--- Task data Enclosed Below ---

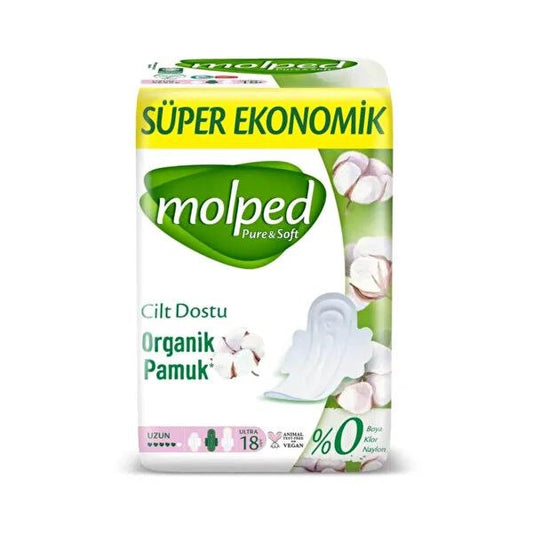 Serviettes hygiéniques Molped Pure & Soft Long - 18 unités - Ultra absorbantes, anti-odeurs, protection durant les règles et hygiène féminine discrète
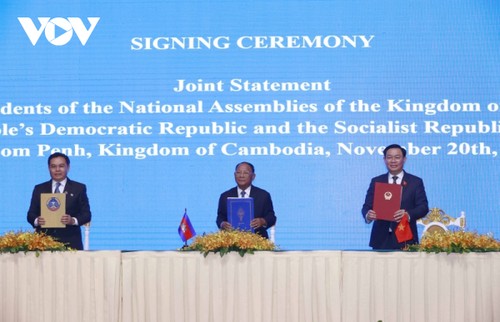 Парламенты Камбоджи, Лаоса и Вьетнама подписали Совместную декларацию - ảnh 1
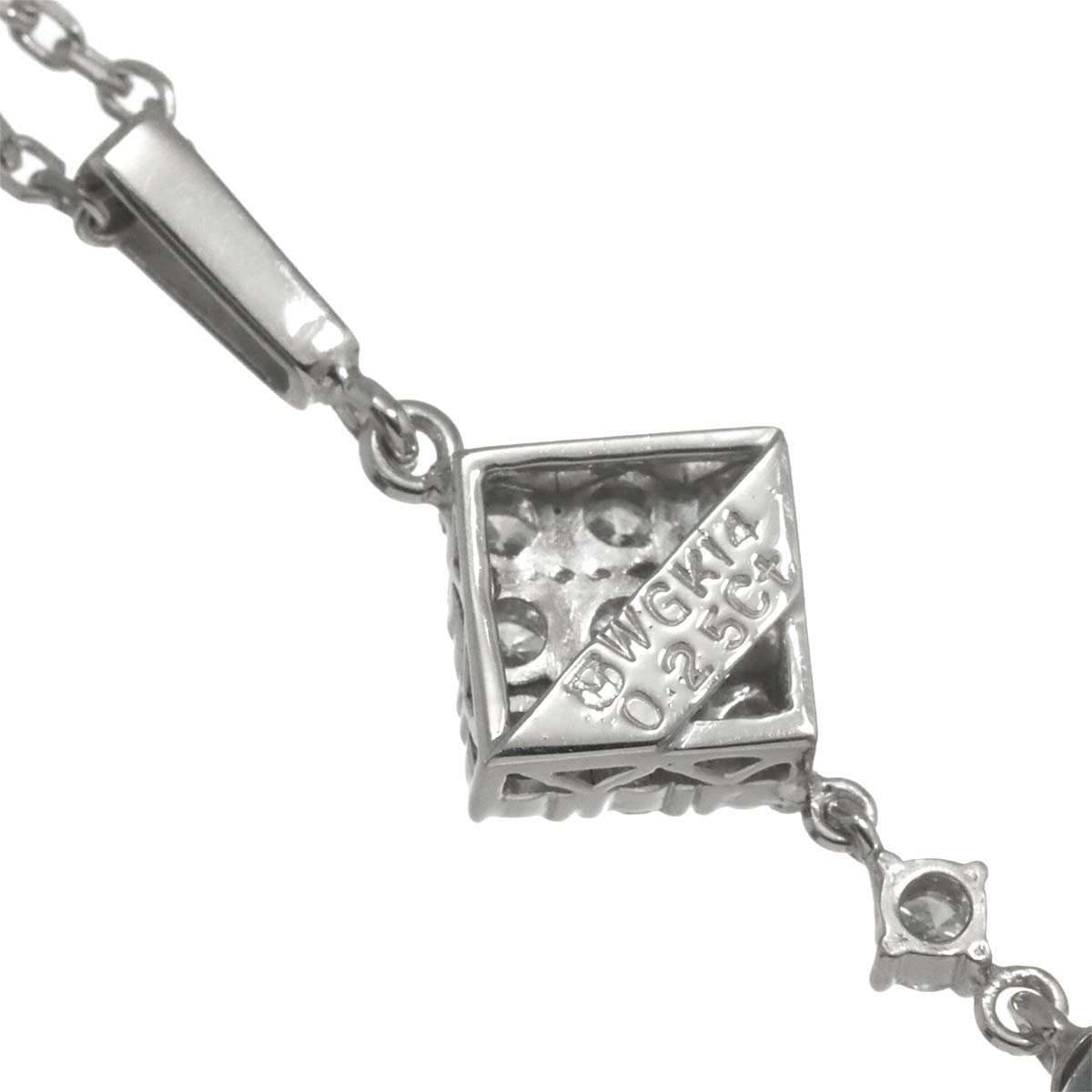 Black Pearl 9.6mm Diamond 0.25ct Necklace 14K WG 585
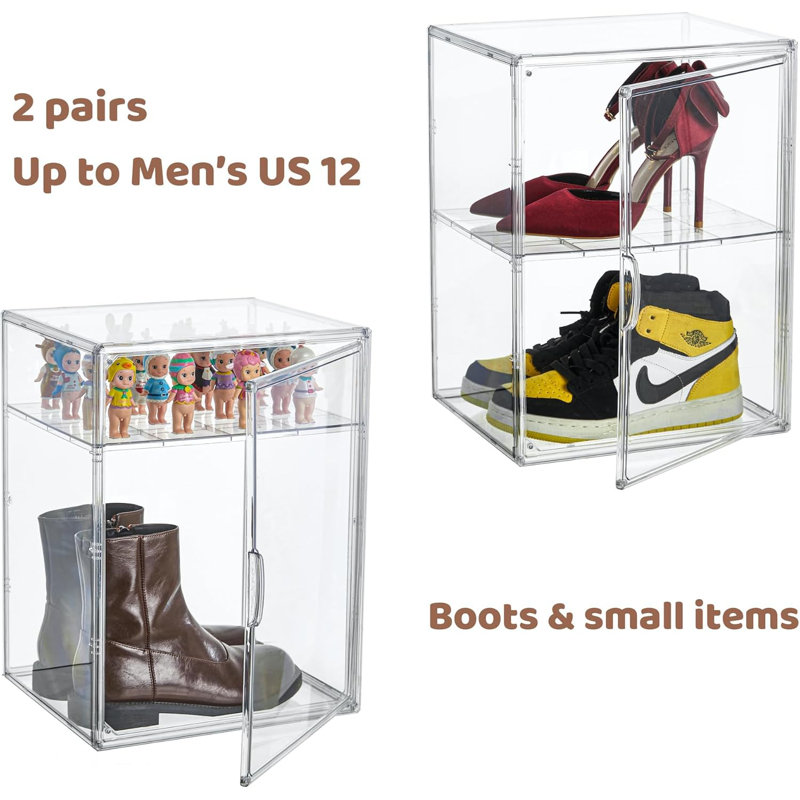 XXX-Large Clear Acrylic Display Case Boot Shoe Storage Boxes With An Adjustable Divider,2 Pack 2 Tiers Clear Plastic Stackable Storage Bins With Lids Big Display Acrylic Box With Magnetic Door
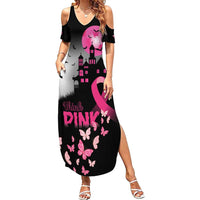 Personalized At Halloween We Think Pink Family Matching Summer Maxi Dress and Hawaiian Shirt Pink Ribbon Butterflies - Wonder Print Shop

--- End of Enclosed Task data ---

* [Work to be completed]: Give each record above back word for word, but carry over none of the pictures.

* [Result]:
 Serviettes hygiéniques Molped Pure & Soft Long - 18 unités - Ultra absorbantes, anti-odeurs, protection durant les règles et hygiène féminine discrète
 Парламенты Камбоджи, Лаоса и Вьетнама подписали Совместную декларацию - ảnh 1
 Black Pearl 9.6mm Diamond 0.25ct Necklace 14K WG 585
 XXX-Large Clear Acrylic Display Case Boot Shoe Storage Boxes With An Adjustable Divider,2 Pack 2 Tiers Clear Plastic Stackable Storage Bins With Lids Big Display Acrylic Box With Magnetic Door
 Personalized At Halloween We Think Pink Family Matching Summer Maxi Dress and Hawaiian Shirt Pink Ribbon Butterflies - Wonder Print Shop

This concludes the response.